Dirk Lucas studied physics at the Technical University of Dresden from 1983 to 1988 and continued with his doctoral thesis at the Technical University of Zittau. He received his PhD in 1991 from the Technical University of Dresden. From 1992 to 2011 he worked as a research fellow at the Research Center Dresden-Rossendorf and became head of the CFD department in 2012. He is vice chair of the Virtual International Research Institute of Two-Phase Flow and Heat Transfer (VIR2AL: http://2phaseflow.org) and member of the editorial boards of the journals "Multiphase Science and Technology" and "Experimental and Computational Multiphase Flow". Dirk Lucas is author or co-author more than 200 scientific papers in peer-reviewed journals.
Abstract:
The temporal and spatial evolution of bubble clusters is a fundamental aspect of the collective behaviour of freely rising bubble swarms. Experimental investigation of this phenomenon is challenging as it requires Lagrangian tracking of the individual bubbles, especially for a three-dimensional measurement in dense swarms of deformable bubbles. Here, a new framework is presented to overcome this challenge. The use of dedicated deep learning models enables the detection and tracking of bubbles in 3D at relatively high image coverage.

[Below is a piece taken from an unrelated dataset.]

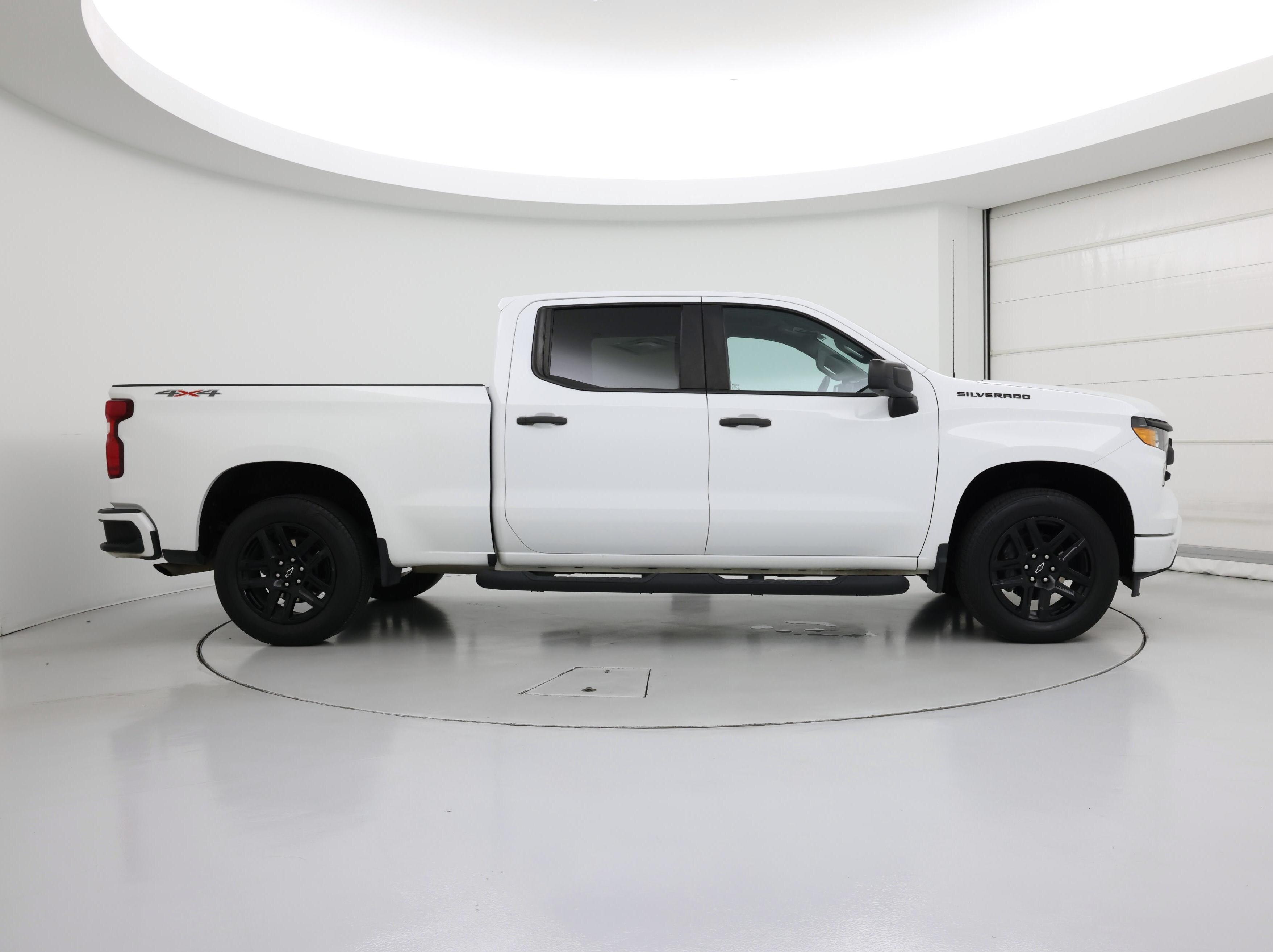 Thumbnail: 2023 Chevrolet Silverado 1500 - 7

By combining our in-house 3D Lagrangian bubble-tracking tool with the dense particle-tracking algorithm OpenLPT, bubbles and tracers are tracked simultaneously in 3D. Based on an advanced bubble cluster detection and tracking strategy, first the lifetime of bubble clusters is characterized as a function of their size. Subsequently, the role of clustering on the mean bubble rise velocity is investigated by tracking individual bubble clusters. It is also considered how the cluster effect compares to bubble-induced turbulence in influencing the bubble rise velocity. Finally, a scaling model for the rise velocity of bubbles rising in a swarm is constructed.